Comment, pour être en prise sur le réel et l’interpréter, l’analyser, le commenter, éviter ce double piège de l’instantanéité ou de l’urgence, et de la forme, par rapport à un potentiel « déjà vu » ? Comment, en outre, utiliser les références de la fiction et de la philosophie pour agir sur le monde, et mobiliser autour de soi pour le faire ? Comment refaire des « luttes savantes » émancipatrices, y compris avec une nouvelle parole parce que le verbe est performatif, comme vous le dites justement ? 

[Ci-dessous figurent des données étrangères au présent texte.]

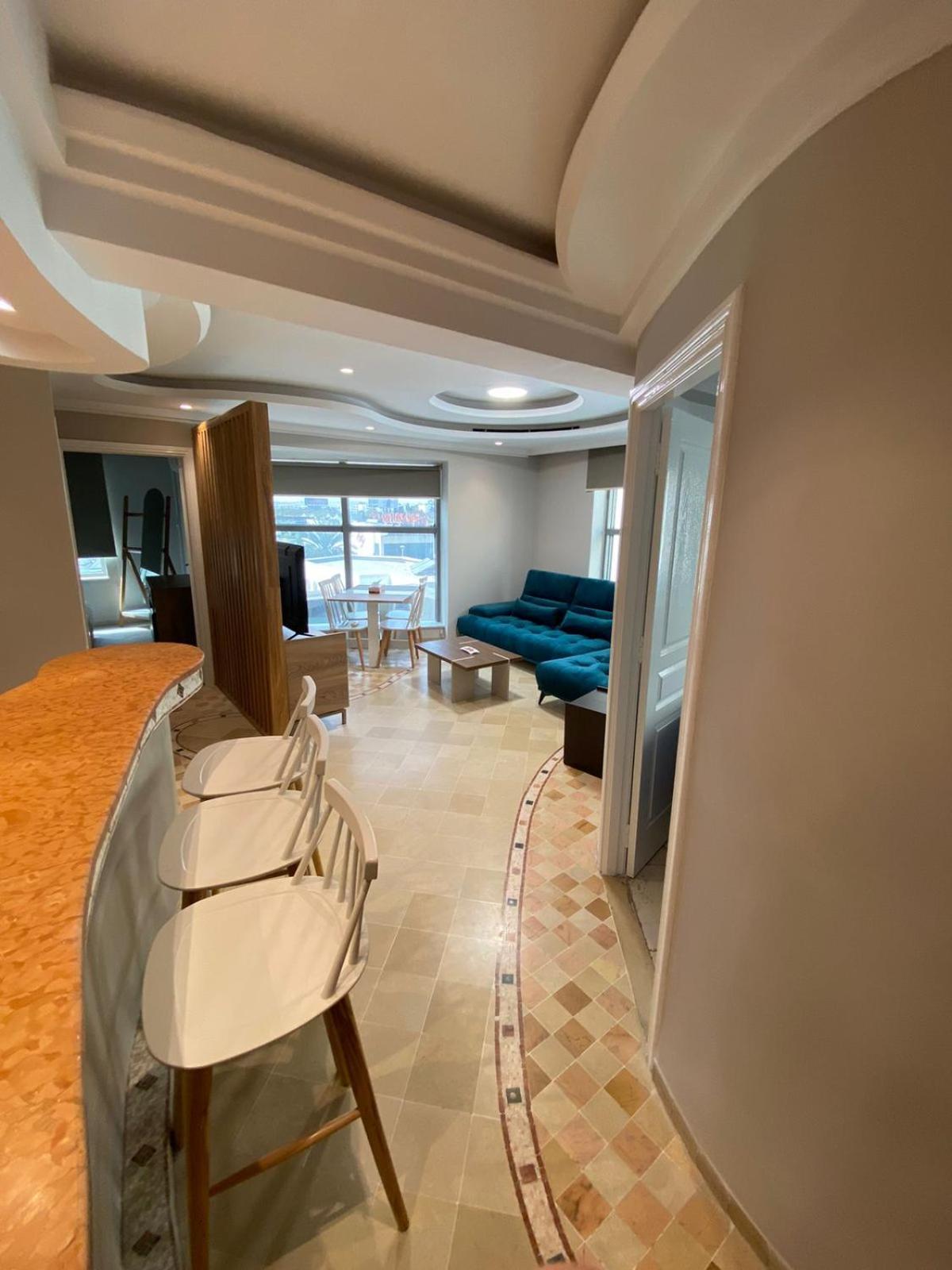 Crescent Of The Luxury Appartement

Vous posez là une question importante, qui est celle de la réactivation ou de la réappropriation des ressources fictionnelles, textuelles, linguistiques au présent. En un sens, la question « d’une nouvelle parole » est une question de toujours, si la parole mobilise nécessairement les éléments d’une langue qui vient avant elle, et doit se débattre avec des significations préalables qui, à l’occasion, lui font dire le contraire de ce qu’elle voudrait exprimer. D’un autre point de vue, pourtant, certaines conjonctures sont plus sensibles que d’autres à cette tension entre le renouvellement des choses à dire et l’épuisement des ressources symboliques à même de leur donner une forme. Dans les années 1980, avec le thème de la post-modernité, avait brièvement émergé l’idée que toutes les grilles de lecture du monde et de l’histoire étaient, en quelque sorte, à la fois désactivées par la fin des grands récits et disponibles pour toutes sortes d’appropriations ironiques et ludiques. La fin de l’histoire donnait toute latitude d’inventer des histoires sans fin, quitte à verser dans une gratuité lassante.  La situation contemporaine me paraît différente, à la fois marquée par l’inquiétude vis-à-vis de la façon dont certaines expériences collectives échouent à se symboliser de manière efficace (avant tout le « nouveau régime climatique », pour reprendre la formule de Bruno Latour, et où se joue rien moins que notre rapport au Temps), attentive aux violences que les représentations traditionnelles exercent sur celles et ceux qui sont exclus de la norme majoritaire, et traversée de part en part par une économie de la fiction – de la façon dont les séries prennent pied dans le quotidien, à la manière dont les studios exploitent jusqu’à l’épuisement les « franchises » de la pop-culture. Judith Butler, dans son livre Politiques du performatif, examinait comment chaque acte de parole vaut « négociation avec les usages hérités ». En d’autres termes, comment « avoir à y redire » en tous les sens de la formule – autrement dit comment donner à la redite une portée critique plutôt que de s’enferrer dans la compulsion de répétition ? Pour le coup, cette question me semble plus actuelle que jamais.